By Albert Amateau
Members of the Organization of Waterfront Neighborhoods from the South Bronx, Williamsburg, Greenpoint, Staten Island, West Harlem and other waterfront neighborhoods, demonstrated on Tues., June 12, in front of Assemblymember Deborah Glick’s E. 14th St. office. The demonstrators protested Glick’s vow to block the city’s proposed marine transfer station for recyclables on the Gansevoort Peninsula, which requires a State Legislature amendment to the Hudson River Park Act.
The peninsula, on the Hudson River between Gansevoort and Little W. 12th Sts., is designated to become an 8-acre section of the 5-mile-long riverfront park between Chambers and 59th Sts. With only two weeks left in the Albany legislative session, the Bloomberg administration is calling on the Assembly and State Senate to amend the act to allow the proposed transfer station, which would move recyclables by barge to a plant in Sunset Park, Brooklyn. The station is a key part of the city’s long-term Solid Waste Management Program, known as SWAMP, intended to make sure that each borough is able to handle its own garbage.
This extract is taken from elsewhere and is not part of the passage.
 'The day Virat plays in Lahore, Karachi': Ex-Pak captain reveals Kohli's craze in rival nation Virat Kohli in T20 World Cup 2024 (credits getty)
OWN is a coalition of groups in neighborhoods, many of them predominantly black and Hispanic, that have borne the burden of Department of Sanitation facilities. OWN says that Glick’s opposition to the transfer station is a NIMBY (not in my backyard) reaction and puts the entire 20-year SWAMP in jeopardy.
“The SWAMP is designed to ensure that no New York City community is too privileged to handle its own share of the city’s waste,” says a statement issued by the group.
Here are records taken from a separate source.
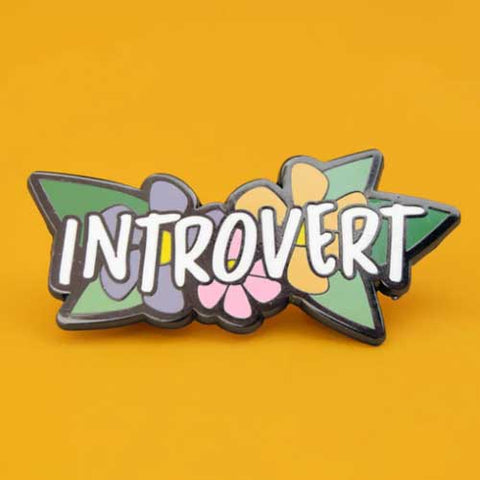 introvert pins
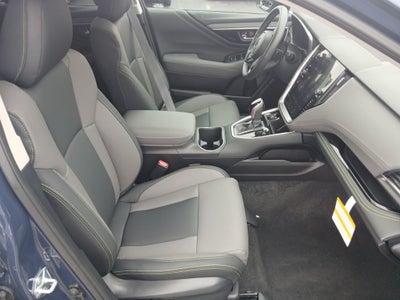 2025 Subaru Outback Onyx Edition XT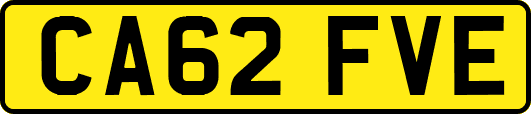 CA62FVE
Glick, however, issued a statement in response to the June 12 demonstration saying the mayor has misrepresented the issue of the Gansevoort transfer station and has pitted neighborhood against neighborhood.
“There are viable alternatives for the marine transfer station in close proximity to Gansevoort which do not require major legislative action,” she said. Glick, Assemblymember Richard Gottfried and State Senator Tom Duane have proposed the transfer station be built on Pier 76, where the city’s auto tow pound is located, across from the Javits Convention Center. They also propose a rail transfer for solid waste to be built at W. 34th St. and 11th Ave.
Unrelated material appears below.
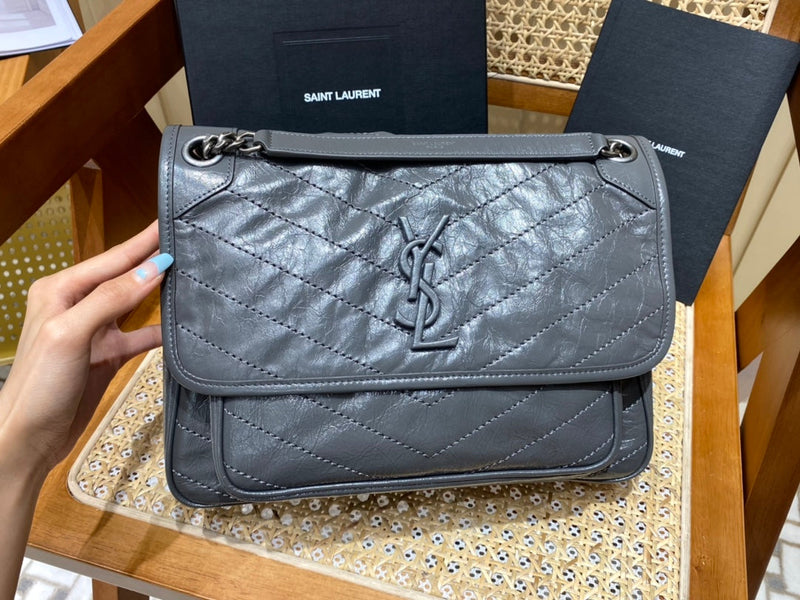 Bolsa YSL 𝐍𝐢𝐤𝐢 28𝐜𝐦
“These alternatives have not been studied by the city, but Friends of Hudson River Park [a civic group that advocates for the park] have had studies done of a number of alternative sites in the West 30s which demonstrated their viability,” the Glick statement says. “Every borough must do its part but the city must also work with every community to ensure the best possible decision. It is unacceptable for the mayor to tout his environmental vision for the future while his administration is seeking to dramatically reduce critical parkland in one of the most park-starved communities in the city,” the statement says.
On the margins of the protest, about 20 counterdemonstrators stood quietly handing out fliers. Among them was District Leader Keen Berger.
“The city has not looked at all the possibilities, other places to put the waste transfer station,” Berger said, “and that bothers me tremendously. They see a park and think they can take it.”